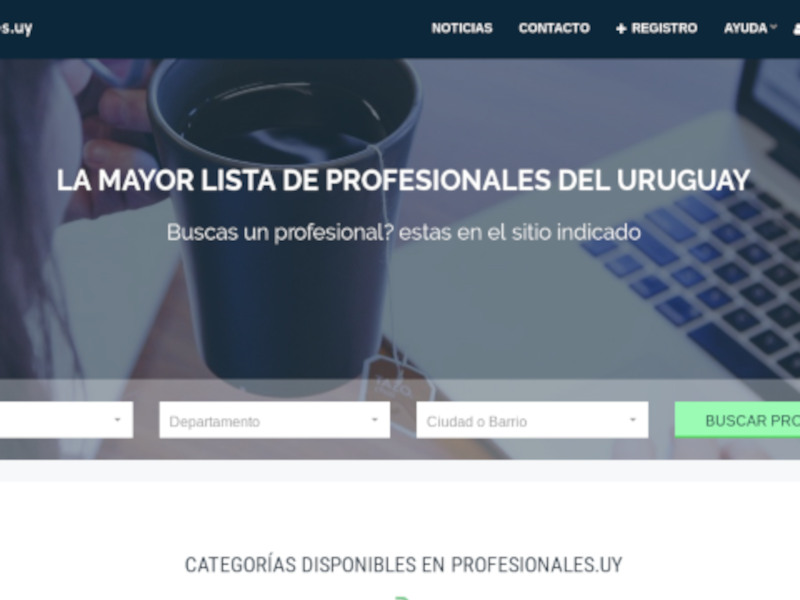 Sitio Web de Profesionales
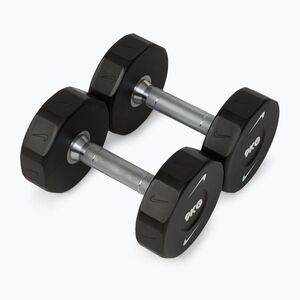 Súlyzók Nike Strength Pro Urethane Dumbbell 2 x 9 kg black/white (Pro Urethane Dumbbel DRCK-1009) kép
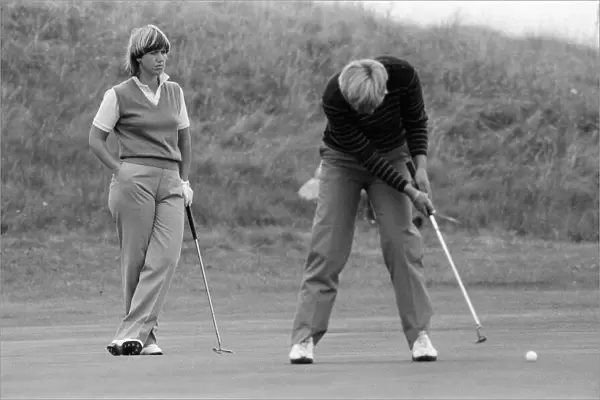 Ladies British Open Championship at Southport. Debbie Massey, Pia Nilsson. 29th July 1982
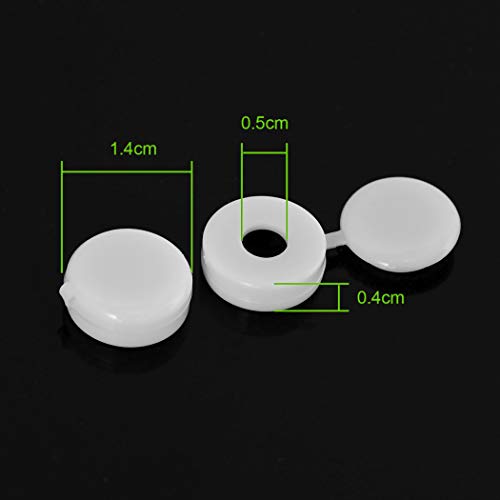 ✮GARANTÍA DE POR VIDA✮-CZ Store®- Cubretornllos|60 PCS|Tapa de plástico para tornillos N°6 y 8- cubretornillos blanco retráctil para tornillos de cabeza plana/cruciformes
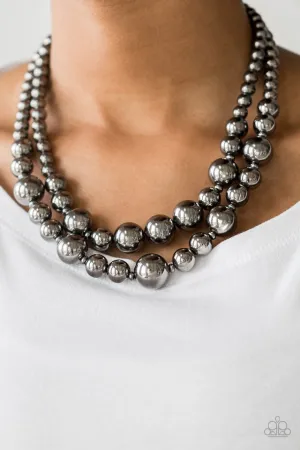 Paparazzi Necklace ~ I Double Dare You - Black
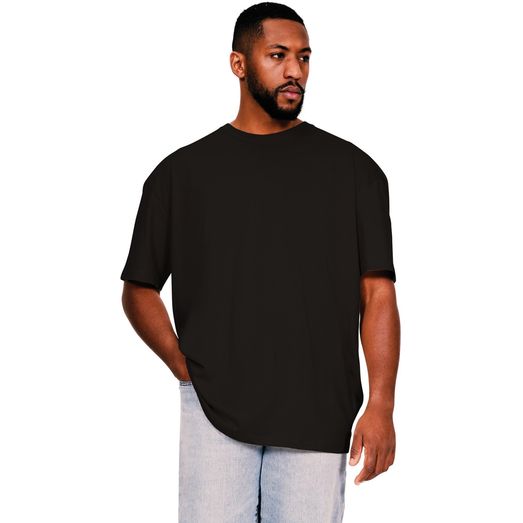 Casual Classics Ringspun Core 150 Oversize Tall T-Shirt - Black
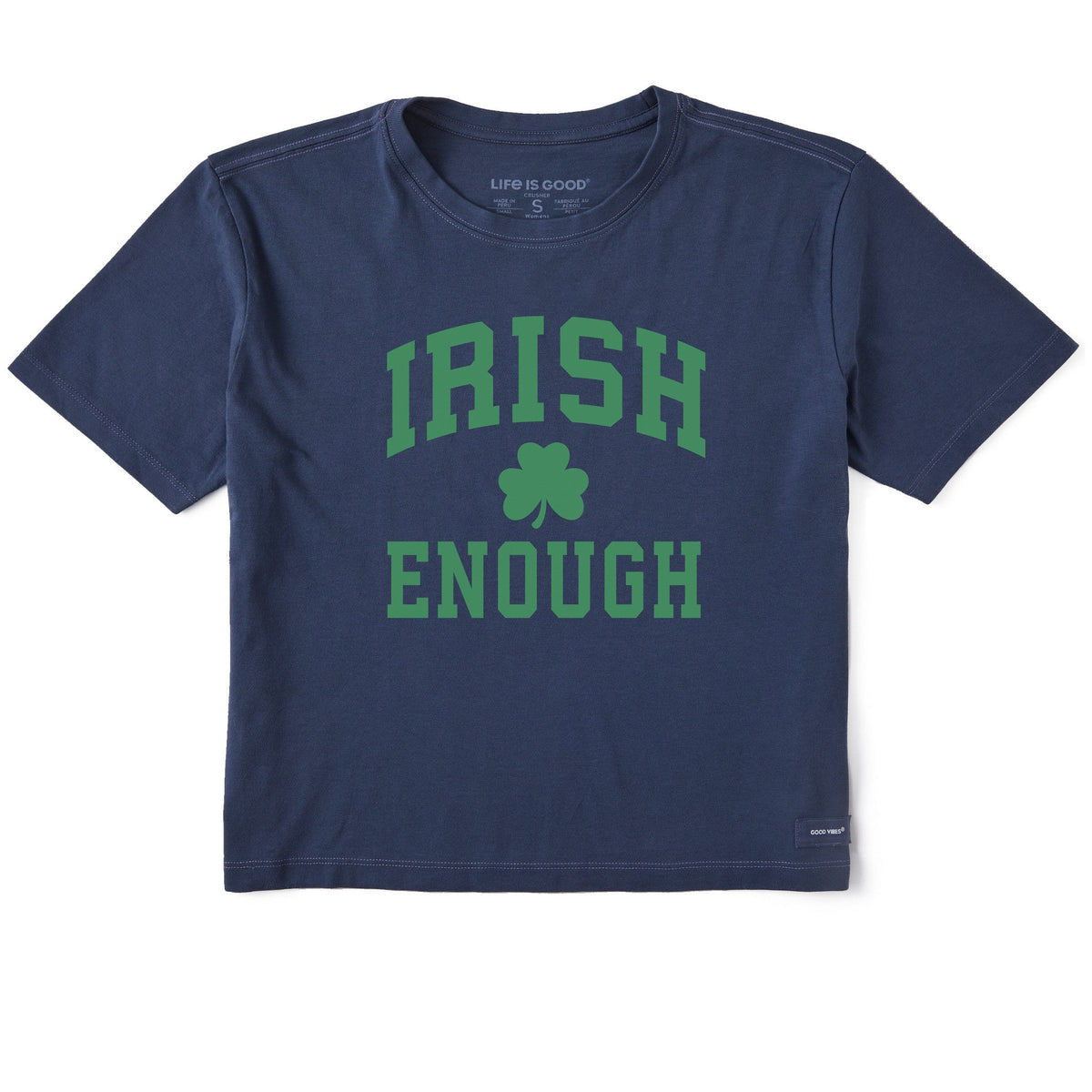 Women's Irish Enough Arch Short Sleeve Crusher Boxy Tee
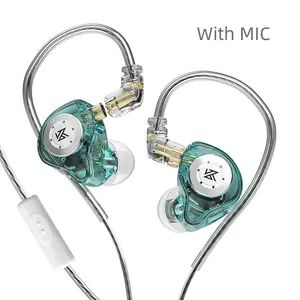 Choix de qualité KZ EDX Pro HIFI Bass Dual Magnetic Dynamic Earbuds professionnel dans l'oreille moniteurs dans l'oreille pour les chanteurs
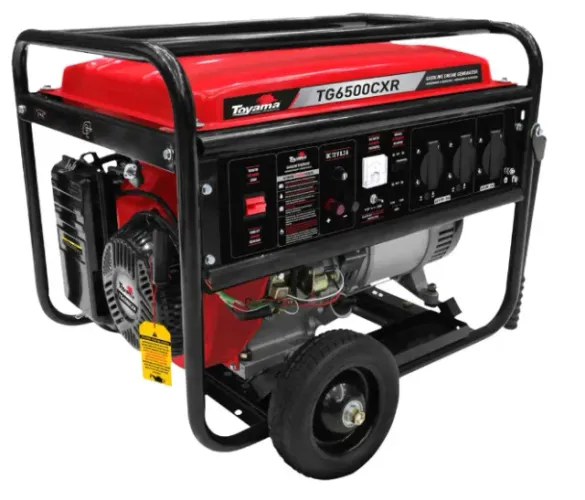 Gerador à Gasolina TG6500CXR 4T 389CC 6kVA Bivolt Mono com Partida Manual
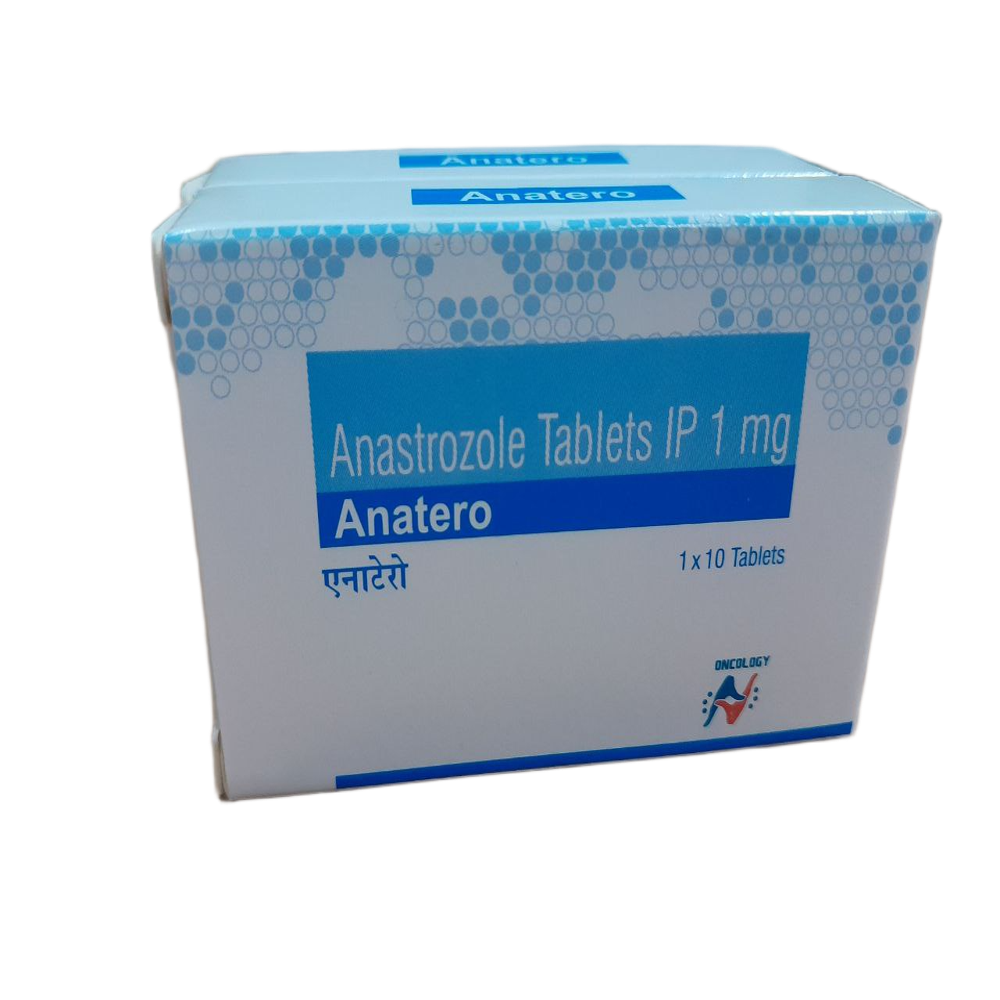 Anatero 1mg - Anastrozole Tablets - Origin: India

-- What to produce --
Leaving the pictures out, set down all of the data again exactly.

-- Task result --
 Sitio Web de Profesionales
 Súlyzók Nike Strength Pro Urethane Dumbbell 2 x 9 kg black/white (Pro Urethane Dumbbel DRCK-1009) kép
 Ladies British Open Championship at Southport. Debbie Massey, Pia Nilsson. 29th July 1982
 ✮GARANTÍA DE POR VIDA✮-CZ Store®- Cubretornllos|60 PCS|Tapa de plástico para tornillos N°6 y 8- cubretornillos blanco retráctil para tornillos de cabeza plana/cruciformes
 Paparazzi Necklace ~ I Double Dare You - Black
 Casual Classics Ringspun Core 150 Oversize Tall T-Shirt - Black
 Women's Irish Enough Arch Short Sleeve Crusher Boxy Tee
 Choix de qualité KZ EDX Pro HIFI Bass Dual Magnetic Dynamic Earbuds professionnel dans l'oreille moniteurs dans l'oreille pour les chanteurs
 Gerador à Gasolina TG6500CXR 4T 389CC 6kVA Bivolt Mono com Partida Manual
 Anatero 1mg - Anastrozole Tablets - Origin: India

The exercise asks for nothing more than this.